2021
09.29

曲がり角は魅惑的でございます。
そして誘惑的でございます。

まっすぐに進めば何の問題もないのに、見知らぬ曲がり角にたつと、問題のない安全な道がつまらないものに見えてしまうのであります。
曲がり角をまがってトントン拍子に進むこともありますが、それはごく稀でして、
「どーしてあの時…」
衝動に負けた自分を悔やんでしまうのがホトンドでございます。

けれど、曲がり角をまがって抜け出た道が、いつも見知っている道だというのに、夢から覚めたよーに、方向感覚を失い、奇妙なラビリンスに陥ることも多いのでございます。

運命の悪戯を曲がり角にかけて申しているのですが、モリオカに暮らしていた頃、日常的に歩いていた道をたどりました。

不思議なくらい変わっていないことに驚き、
「では、あの角を曲がれば…」
しかし、なだらかな丘陵のむこうは当時とおなじリンゴ畑。その奥にモリオカの市街が模型細工のよーに広がっているのでありました。
上空には東北でなければ出来ない雲が。
そっくりそのままなのでございます。

これもまた時のラビリンス。
まだ17歳ではないかと錯覚してしまうのでございます。

目をつむって歩いてみました。
「そろそろ、あの小屋のある地点だろう」
すると左手に栗の木があり、潰れかけた廃屋がまだ残っており、ちょうど、その廃屋を通り過ぎるところなのでした。

「いままでの歳月はなんだったのであろー」
反射的に浮かぶのは、お女性たちの顔、顔、顔。
なぜか顔の下の記憶は薄く、そのお顔も、思い出そうとすると泡のよーに消えかかるのでございます。
そして、ケタケタ笑う、笑い声だけが、虚ろな記憶から肉声として脳の奥に響くのでありました。

「きっと」
と思いましたです。
「死の直前は、コレと同じ現象があるのかもしれない。

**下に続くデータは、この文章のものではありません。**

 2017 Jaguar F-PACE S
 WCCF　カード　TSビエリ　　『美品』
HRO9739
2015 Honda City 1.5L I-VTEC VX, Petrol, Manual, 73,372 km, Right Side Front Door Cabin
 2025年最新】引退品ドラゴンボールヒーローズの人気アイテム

いや、そーあって欲しい」

まっすぐな道でも、曲がりが戸を曲がってしまったとしても、たどり着くところはソコなのでありましょう。

  1. 小野先生、思い出がある人は幸せな人でございますよ。

    ●十傳より→思い出しかないかもです。

  2. 日々の生活に疲れ果て、先生の書かれた文章を読んであまりの美しさに大泣きしてしまいました。
    毎日、更新を楽しみにしております。
    ありがとうございます。

    ●十傳より→ありゃりゃ、泣かせましたか…。

  3. 思い出だけしかないとのことですが、
    なんて贅沢で、素敵な人生を歩まれたことでしょう。
    まだまだ、沢山の思い出を作ってくださいませ。
    素敵な時間を積み重ねられる、
    小野先生のこれからのオフィシャルサイトを楽しみにしてますから。

    ●十傳より→過去だけは、恵まれた我儘な生き方をしてきましたです。いまもですけど。

  4.  小野十傳先生・人生の曲がり角は左右と曲がりくねる事が当たり前ですが、コレが無いと、味気ない人生ですよね!
    女性の顔と笑い声・ずいぶんとほん怖チックですね。

    ●十傳より→私メとしては愛おしいお女性ばかりですので…。

  5. 思い出、今は亡き友達の実家に大学生の時に数人で三重県の山奥に泊まりに行き、手土産を渡して全員整列して(体育会系ですから)「よろしくお願いいたします」と挨拶しました。その夜、七輪で焼肉をご馳走になるのですが、松阪牛ではなく、味噌ダレの鶏肉でした、それがメチャクチャ美味しいのです。地元では当たり前らしいです。その後は盆踊り。ウ~ン私も帰り道、号泣してしまいました。やれやれ!たまには泣くのもよろしいかと。

    ●十傳より→泣けるうちに泣いておかないと淋しくなりますです。